**YOUR GOAL**
When you copy from the entries that follow, take only the lines from the one with "Apartament Premium cu" down to the one with "Honda CRF250", keeping both ends and dropping every picture.

── EXERCISE MATERIAL ──

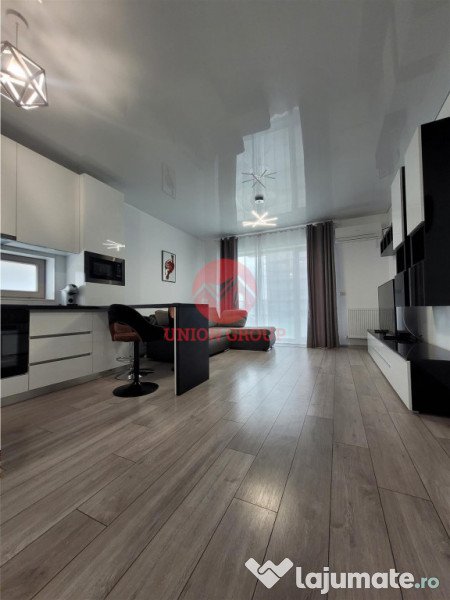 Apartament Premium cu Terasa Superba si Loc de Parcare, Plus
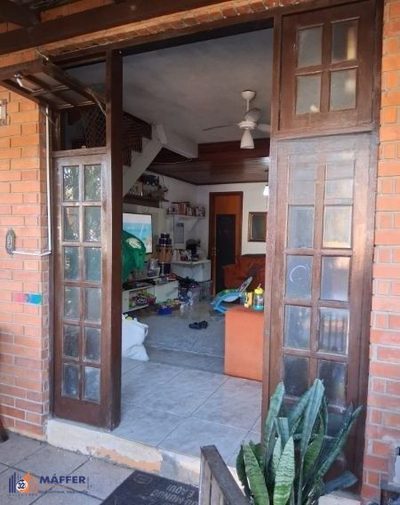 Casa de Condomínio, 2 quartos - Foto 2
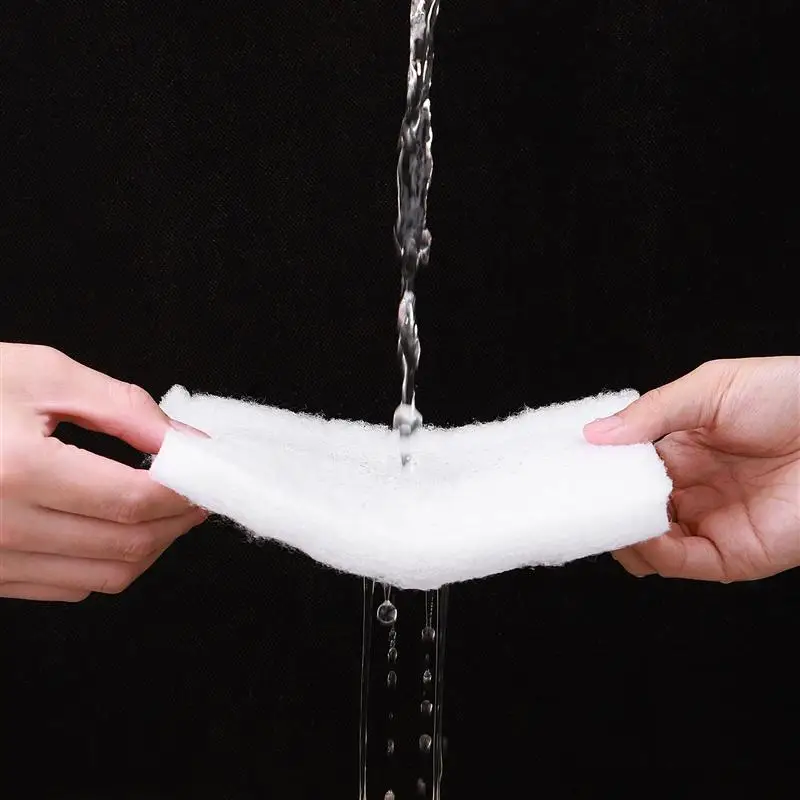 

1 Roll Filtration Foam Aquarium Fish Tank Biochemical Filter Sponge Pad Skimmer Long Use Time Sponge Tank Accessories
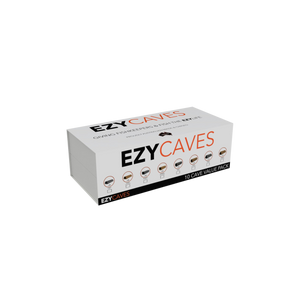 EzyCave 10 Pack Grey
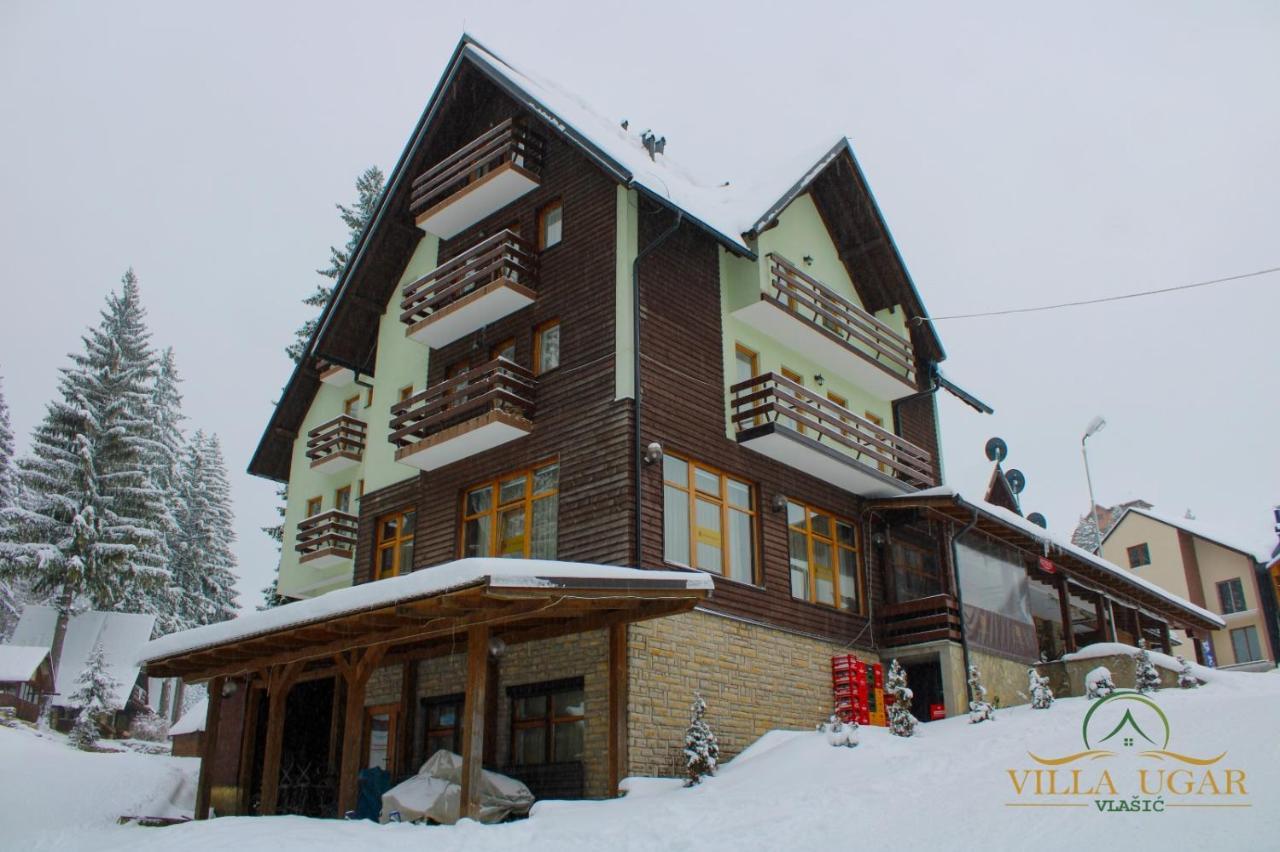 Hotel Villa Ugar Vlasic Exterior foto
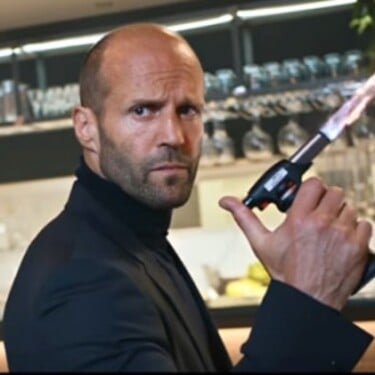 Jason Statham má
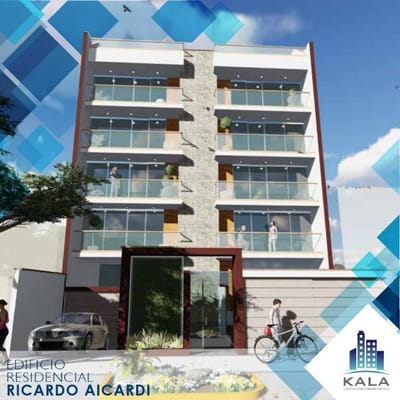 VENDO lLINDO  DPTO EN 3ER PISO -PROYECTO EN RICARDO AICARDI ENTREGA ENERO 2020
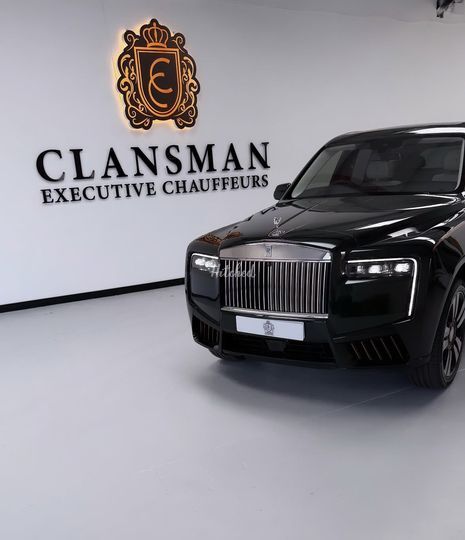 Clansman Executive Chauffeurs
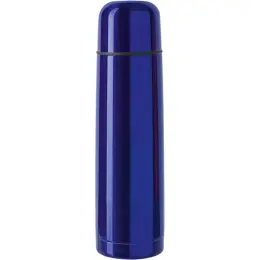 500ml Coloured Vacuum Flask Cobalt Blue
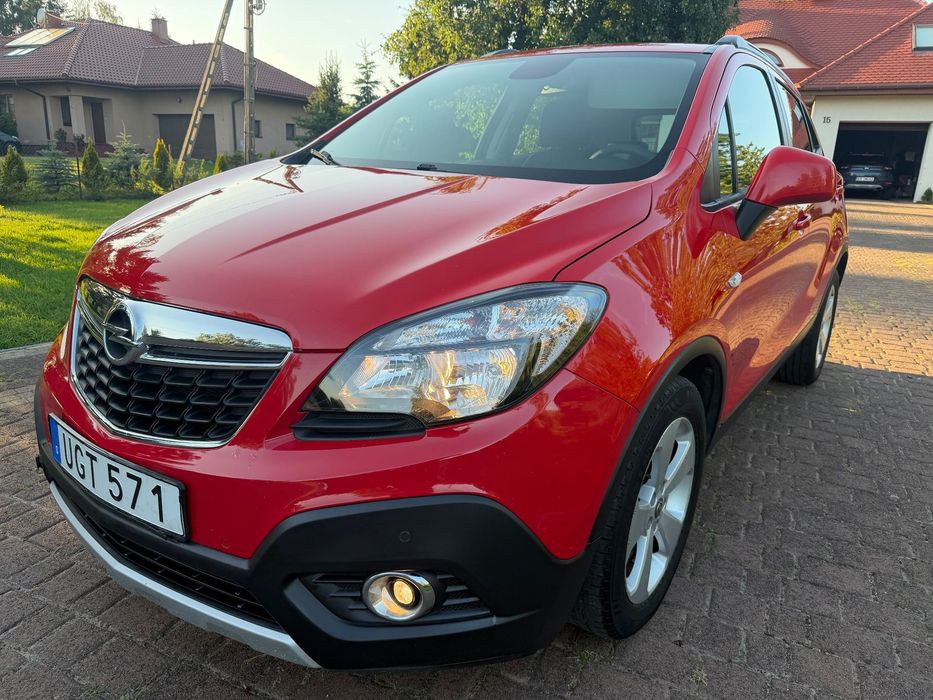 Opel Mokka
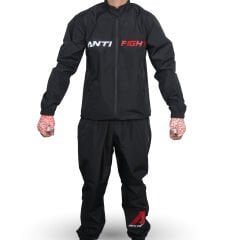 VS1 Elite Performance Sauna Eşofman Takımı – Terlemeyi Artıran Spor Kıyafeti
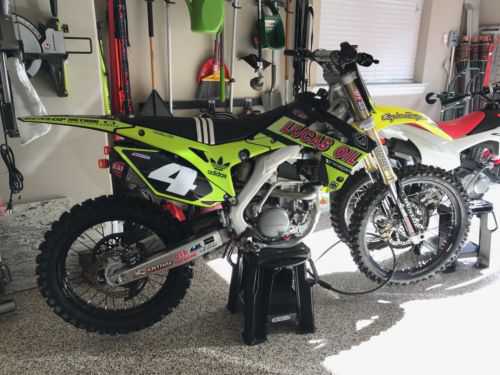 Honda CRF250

───
── EXERCISE MATERIAL ──

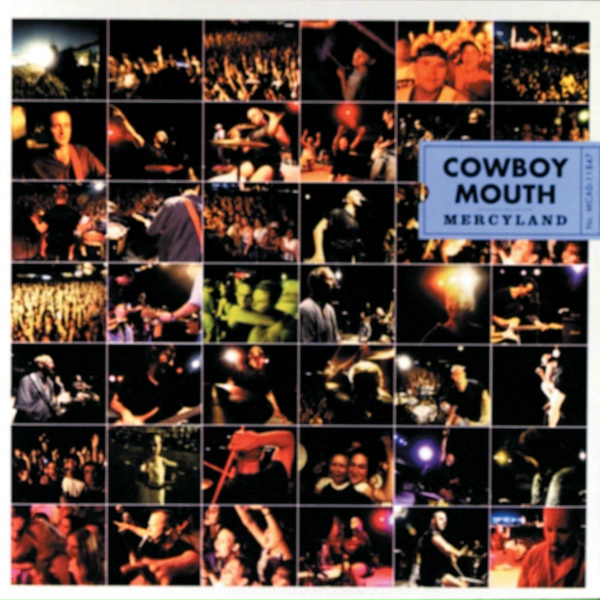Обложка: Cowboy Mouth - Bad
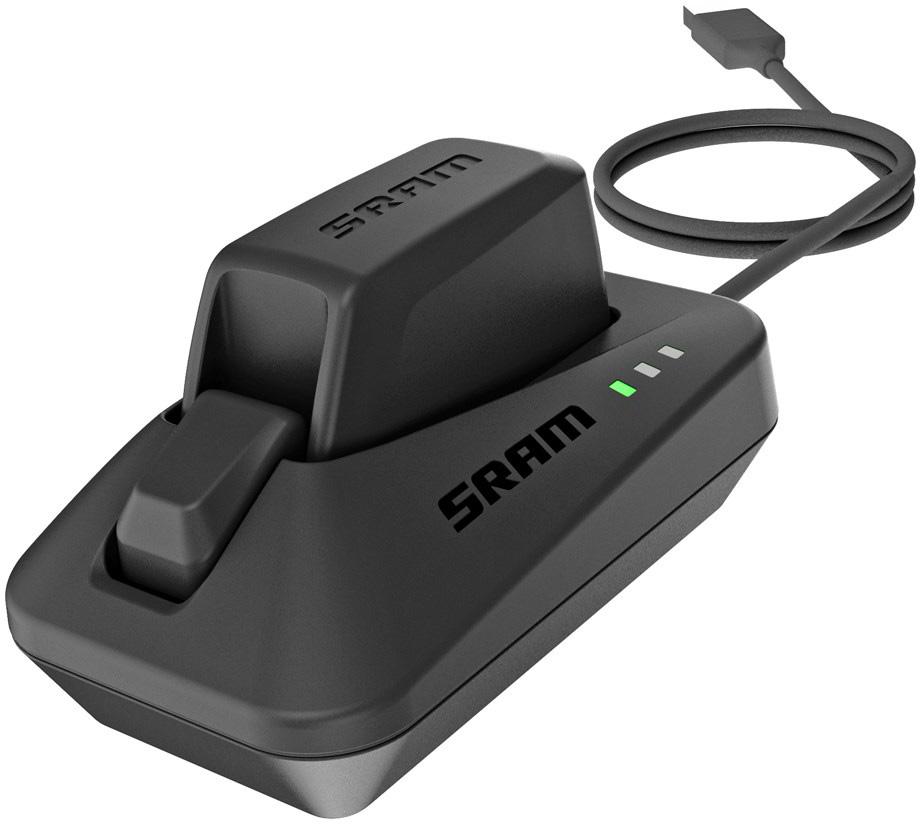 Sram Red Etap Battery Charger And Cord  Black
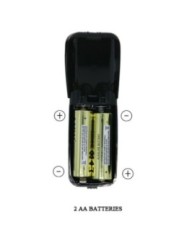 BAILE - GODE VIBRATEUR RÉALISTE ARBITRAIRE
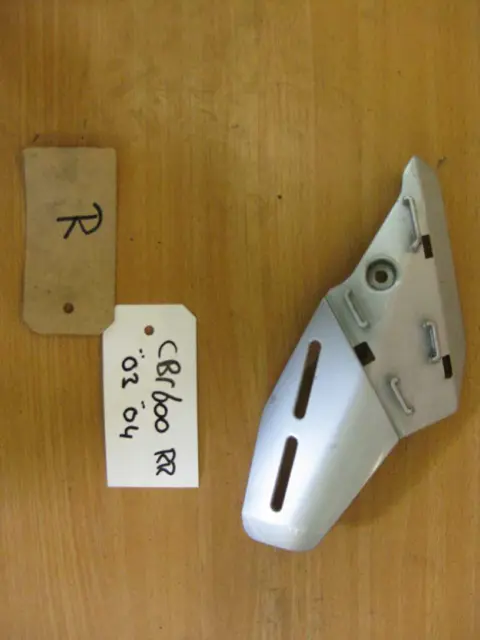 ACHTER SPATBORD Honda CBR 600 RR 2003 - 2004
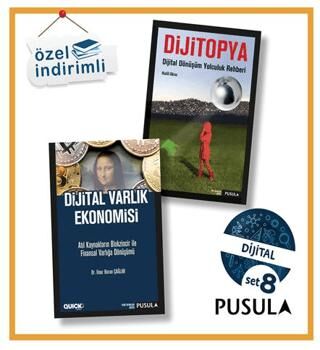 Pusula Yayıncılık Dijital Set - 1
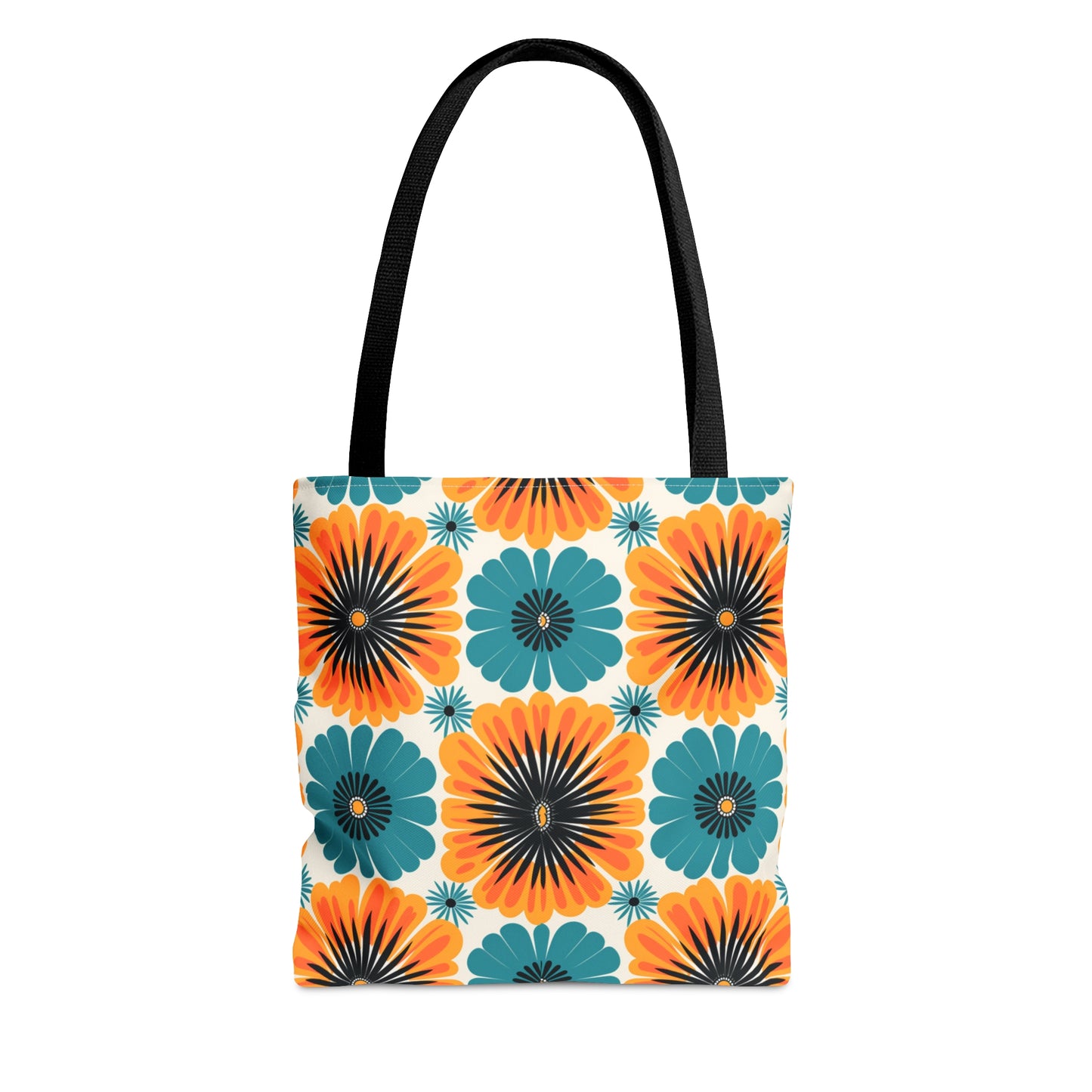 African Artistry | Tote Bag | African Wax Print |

───

**RESPONSE AREA**
 Apartament Premium cu Terasa Superba si Loc de Parcare, Plus
 Casa de Condomínio, 2 quartos - Foto 2

1 Roll Filtration Foam Aquarium Fish Tank Biochemical Filter Sponge Pad Skimmer Long Use Time Sponge Tank Accessories
 EzyCave 10 Pack Grey
 Hotel Villa Ugar Vlasic Exterior foto
 Jason Statham má
 VENDO lLINDO  DPTO EN 3ER PISO -PROYECTO EN RICARDO AICARDI ENTREGA ENERO 2020
 Clansman Executive Chauffeurs
 500ml Coloured Vacuum Flask Cobalt Blue
 Opel Mokka
 VS1 Elite Performance Sauna Eşofman Takımı – Terlemeyi Artıran Spor Kıyafeti
 Honda CRF250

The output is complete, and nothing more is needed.